Vienna, September 21 – Angered by Patriarch Kirill’s increasing involvement in Russian political life in ways they do not like, the force structures -- “siloviki” – reportedly are behind media speculations about the death of his predecessor, Aleksii II, both to raise questions about the legitimacy of the current church leader and to remind him of his own mortality.
In an article in the current issue of “Argumenty nedeli,” Andrey Uglanov says that Kirill’s extraordinary activity has attracted ever more attention, including from some who the journalist points out do not like to have their positions questioned let alone challenged. And that has become Kirill’s “big problem” (www.argumenti.ru/publications/10795).
Uglanov writes that “it is said that the behavior of the patriarch” in Ukraine and in the Russian Federation as well “does not very much please a definite circle of the so-called siloviki” and that they are looking for ways either to get Kirill to change his ways or at least to lower the decibel level of his comments.
Kirill’s trip to Ukraine this summer annoyed some because the Russian patriarch cozied up with Viktor Yanukovich, the head of the Party of the Regions, rather than with Prime Minister Yuliya Timoshenko, who, it appears, enjoys the backing of Russian Prime Minister Vladimir Putin.
But even more offensive to these siloviki, Uglanov continues, have been what even “the unaided eye” can see: “his anti-Stalinist and anti-Bolshevik actions,” including his appearance at the Solovetsky stone in Moscow’s Lubyanka Square on the very Day of the Memory of the Victims of Political Repression.
Given Kirill’s position as the head of the Russian Orthodox Church, those who oppose him have had to come up with an indirect approach to try to influence him, and Uglanov suggests that “it is possible to consider as a certain warning [to him] the distribution in the information space of reports about the circumstances surrounding the death of his predecessor, Aleksii II.”

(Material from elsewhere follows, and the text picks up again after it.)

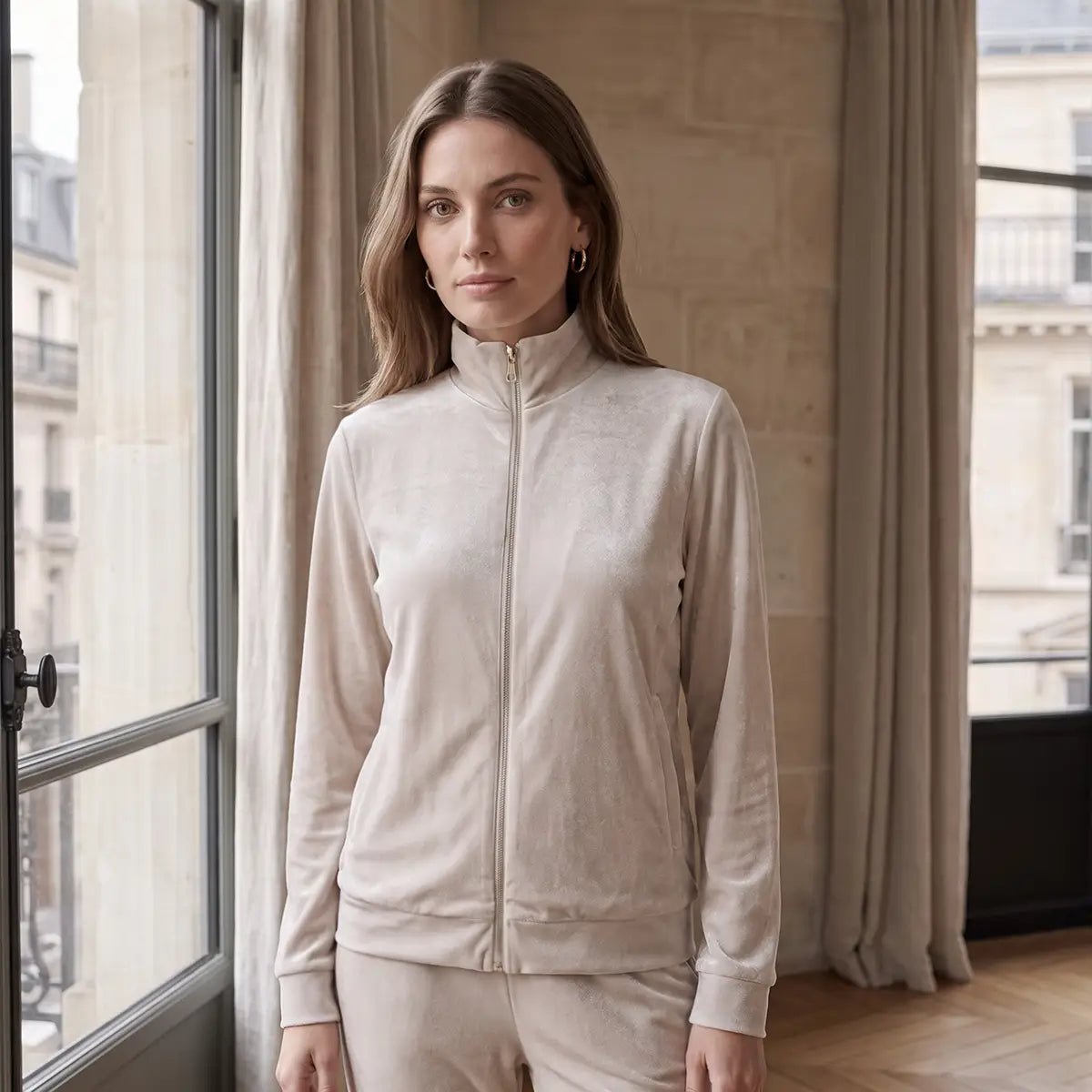 REINE, felpa in ciniglia crema con zip e tasche, collo alto, su modella.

These reports, which have appeared in several Russian outlets, have claimed that the current patriarch “is concealing the circumstances of the death” of Aleksii, implicitly suggesting that Aleksii might not have died of natural causes and that Kirill, who for a long time had been his number two, would have had a motive for wanting to see him die as soon as possible.

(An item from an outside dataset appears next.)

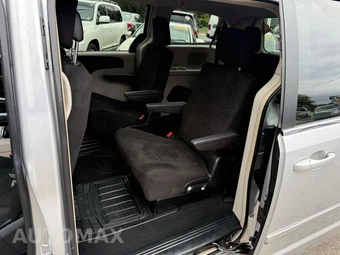 2011 Chrysler Town & Country Touring 121.2" WB - miniatura 73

Such suggestions were fed by additional stories that suggested that Aleksii II had “feared his entourage and did not completely trust his protectors” – exactly the kind of stories many Russians would be likely to draw parallels with reports that have continued to swirl around the death of Joseph Stalin.
Church publicist Father Andrey Kurayev has demolished these reports about Aleksii, pointing out that the suggested chronologies are wrong and that Aleksii was neither young nor in good health at the time of his death, although those who want to see a conspiracy are likely to continue to do so.

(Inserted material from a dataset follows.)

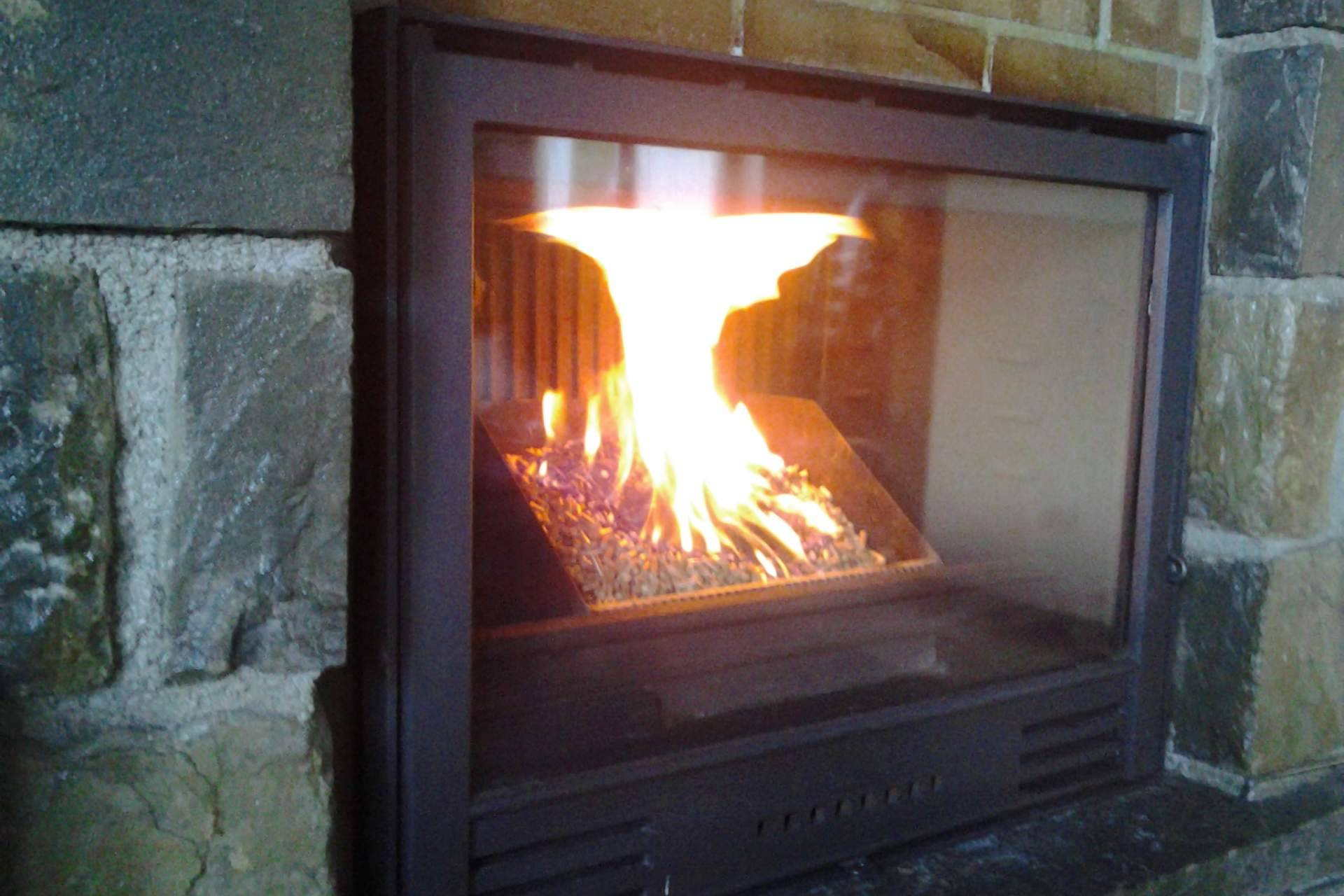 Pellets en chimeneas y estufas de leña; confort térmico con menos esfuerzo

Indeed, Uglanov says, “it is already not so important” that the version about the murder convincing. Because however that may be, such stories can serve as a warning against Kirill and his growing political strength, “reminding him about those circumstance in which he became Patriarch and recalling to him the temporary nature of everything earthly.”
Kirill for his part shows no sign of backing down in any respect. Today, for example, “Nezavisimaya gazeta” reported under the rubric “politics” that he is not only reorganizing the Patriarchate’s media system but creating his very own press service to make sure his ideas get to the widest possible audience (www.ng.ru/politics/2009-09-21/2_kirill.html).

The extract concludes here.